Comment expliquez-vous que tant d’ouvrages sur les intellectuels sortent au même moment ?

Est-ce qu’il y en a tant que ça ? Ces ouvrages, vous le savez bien, ne disent absolument pas la même chose. Prenez le livre d’Alan Bloom. C’est un bon livre. Mais extraordinairement réactionnaire. Et il faut une dose de mauvaise foi assez énorme pour le confondre avec le mien. Pourquoi cette mauvaise foi ? Pourquoi cette confusion ?

Et le livre d’Alain Finkielkraut ?

C’est un bon livre aussi. Mais, à mon avis, trop excessif. Et, comme Harlem Désir le disait l’autre soir, on a des conclusions quasiment divergentes. Attention, par exemple, quand on excommunie la « sous-culture » : ça peut rappeler ceux qui, dans les années trente, excommuniaient la « musique nègre ». Ce n’est évidemment pas ma position. J’essaie, moi, d’articuler les choses de façon plus nuancée.
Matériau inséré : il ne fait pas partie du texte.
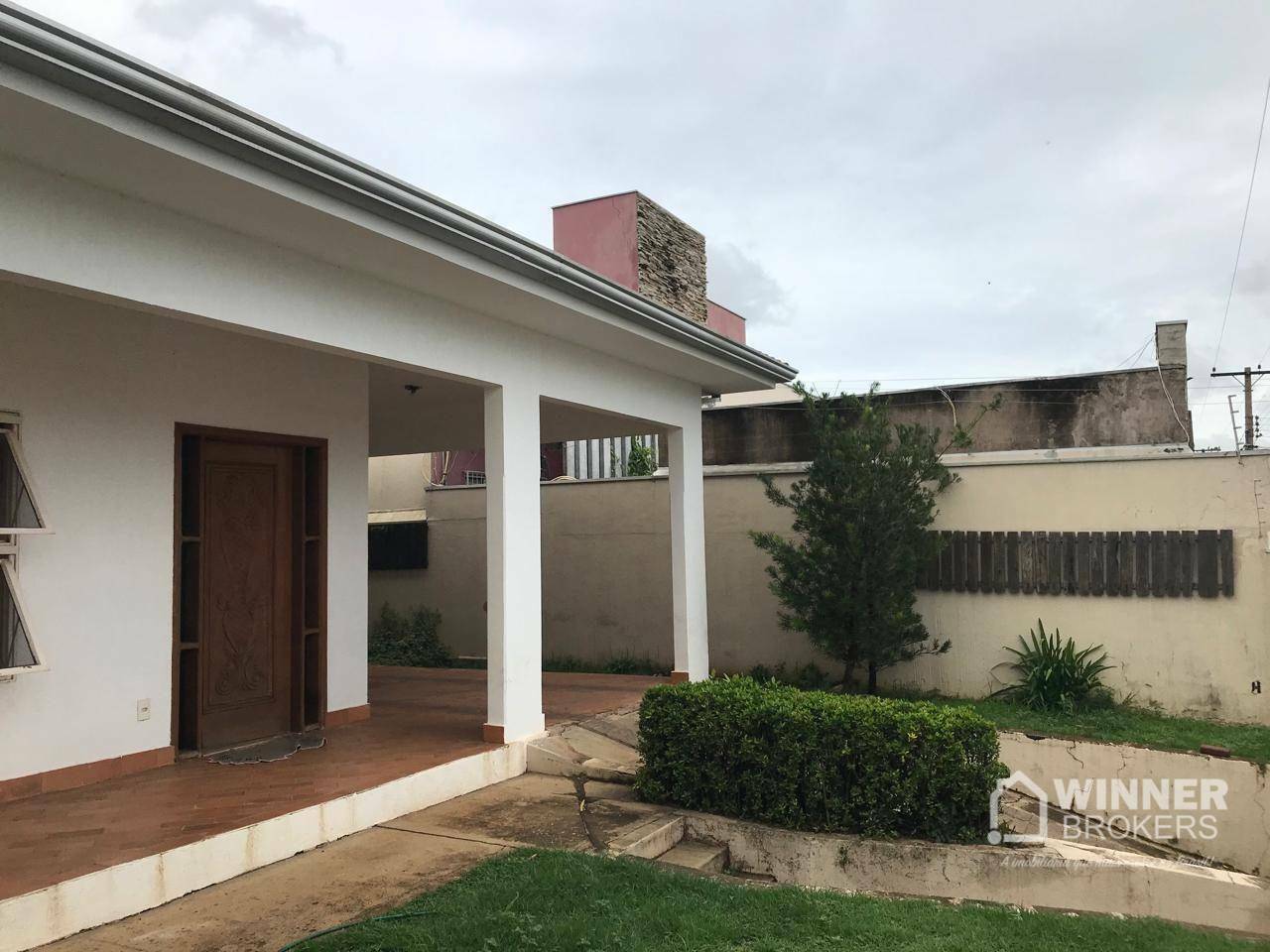 Casa à venda com 3 quartos, 280m² - Foto 1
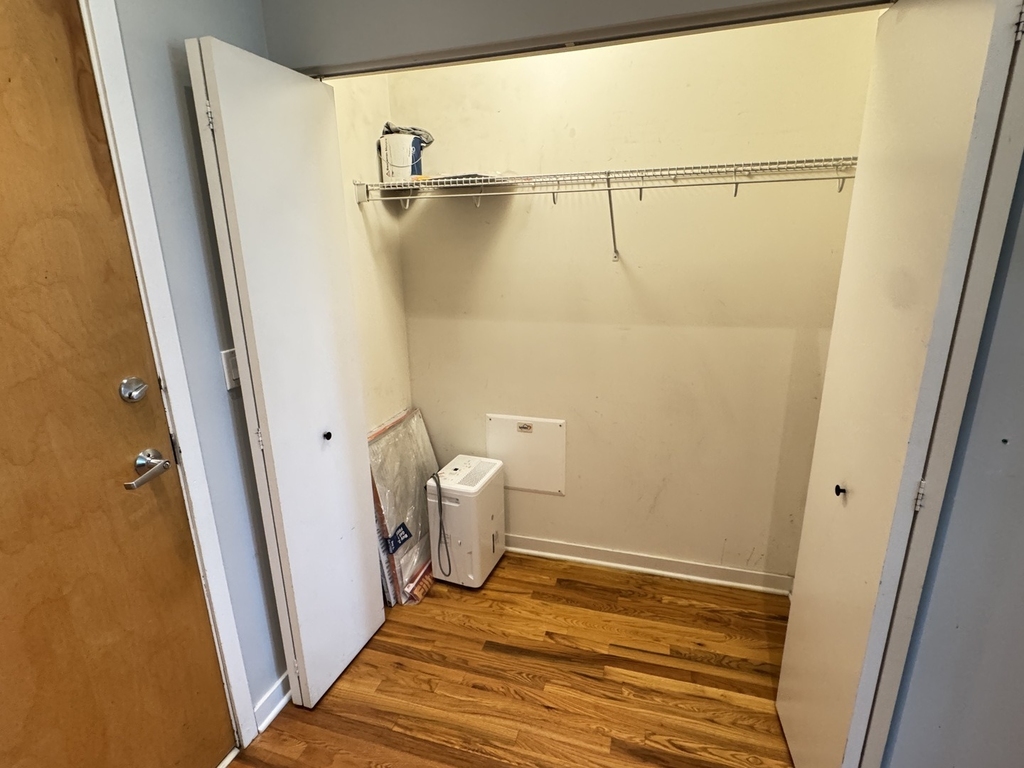 1071 W 15th Street - Photo 12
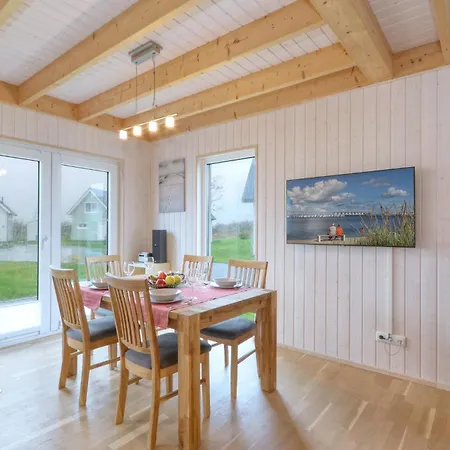 Lovely In Ostseeresort Ferienhaus Olpenitz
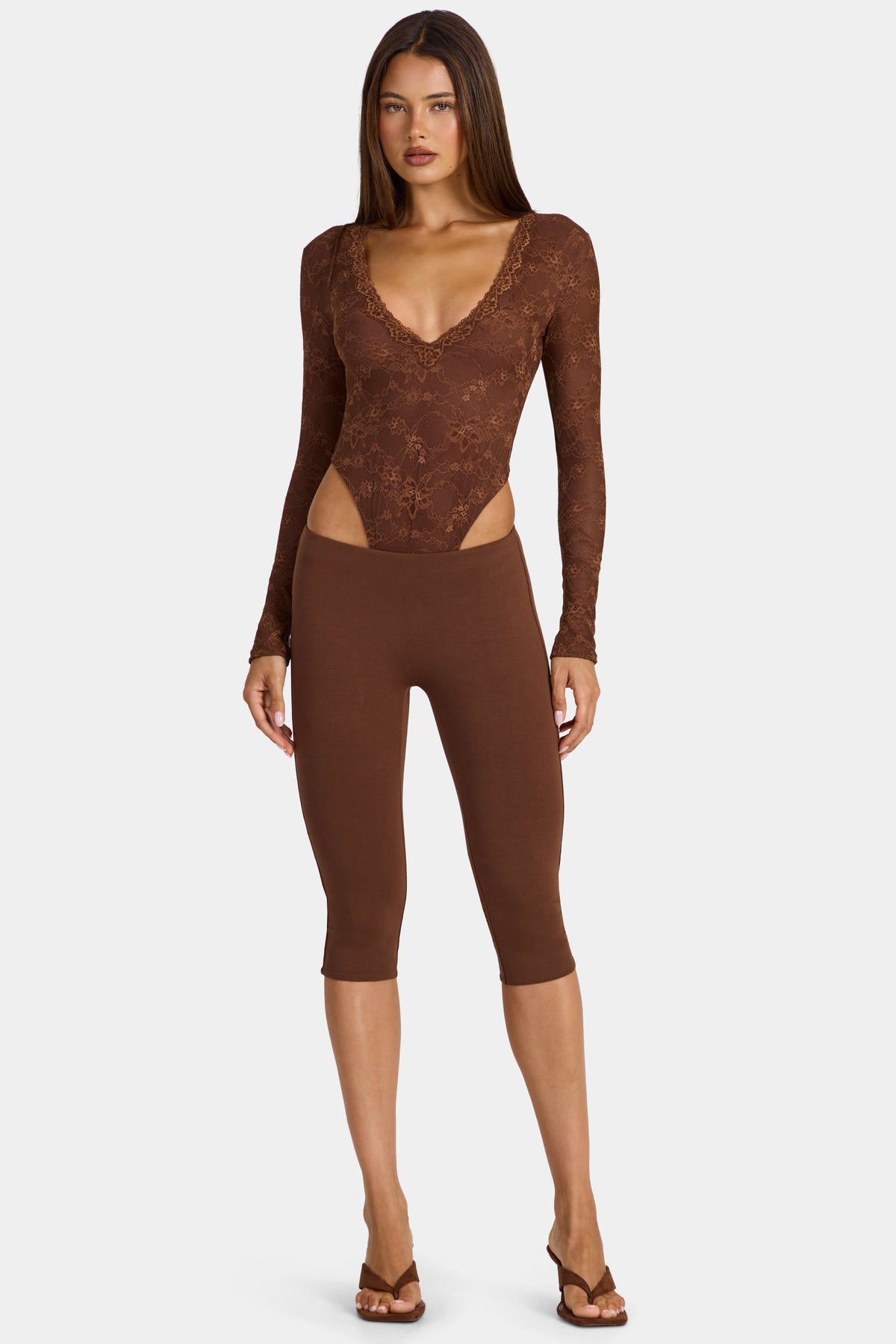 Chic Lace Long-Sleeve Bodysuit in Cocoa Brown
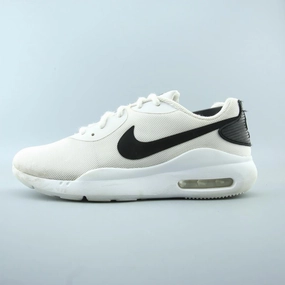 NIKE AIR MAX OKETO Nike lightweight trainer models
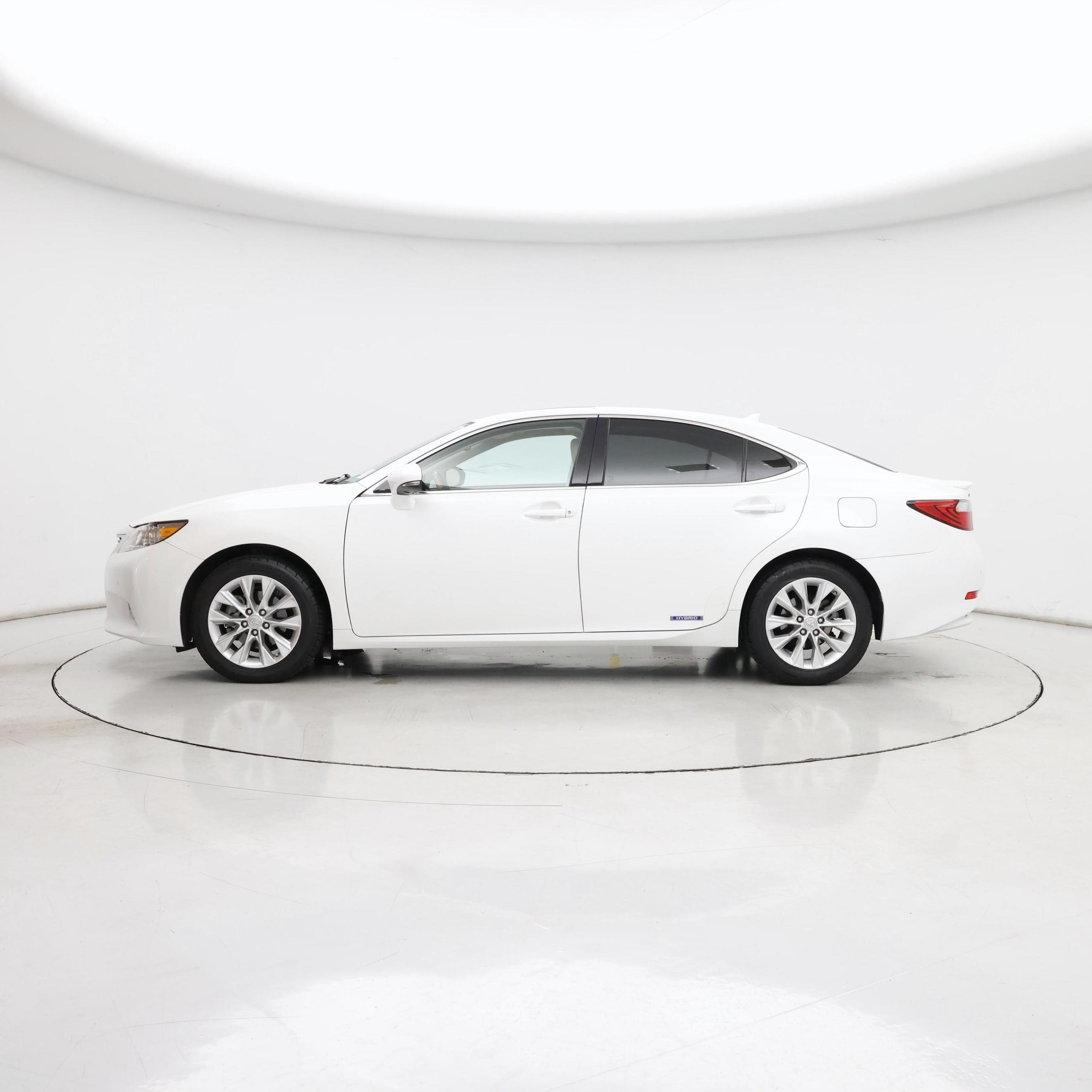 Thumbnail: 2014 Lexus ES - 3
Il y a eu une polémique sur ces ouvrages. On vous a accusé d’avoir publié le vôtre très vite, pour le « griller »…

Mais oui, bien sûr. Ça fait quinze ans que j’écris des livres pour « griller » M. X ou Y…

En quoi vos conclusions sont-elles divergentes ?

Je vous l’ai dit : je déplore certaines confusions mais je ne jette en aucune manière l’anathème sur la culture rock, la culture jeune, etc. Ma position c’est, en gros, qu’il y a deux écueils symétriques et aussi redoutables l’un que l’autre. D’un côté l’écueil « démago », qui consiste à tout mettre sur le même plan, à tout confondre, à faire comme si rien ne distinguait une chanson de Lio d’une symphonie de Beethoven. Mais de l’autre, l’écueil « rétro », qui consiste au contraire à séparer les choses à la hache, à mettre des cloisons étanches et à dire aux gens qu’écouter Lio empêche d’entendre Beethoven. La vérité c’est qu’il faut croiser les gens. Mixer le mineur et le majeur. Les recycler l’un par l’autre. Et cela de manière non pas sauvage, mais réglée. Celui qui a le mieux pensé tout ça c’est Guy Scarpetta dans son Impureté. Dommage qu’il ne soit pas plus présent dans le débat. Ni démago ni rétro : je revendique le droit d’aimer à la fois – mais sans tout mélanger – la rockculture et la littérature classique.

Pensez-vous que vous allez être suivi dans vos thèses ?

Je regarde les listes des best-sellers. Et je me dis que ça ne va pas trop mal, merci.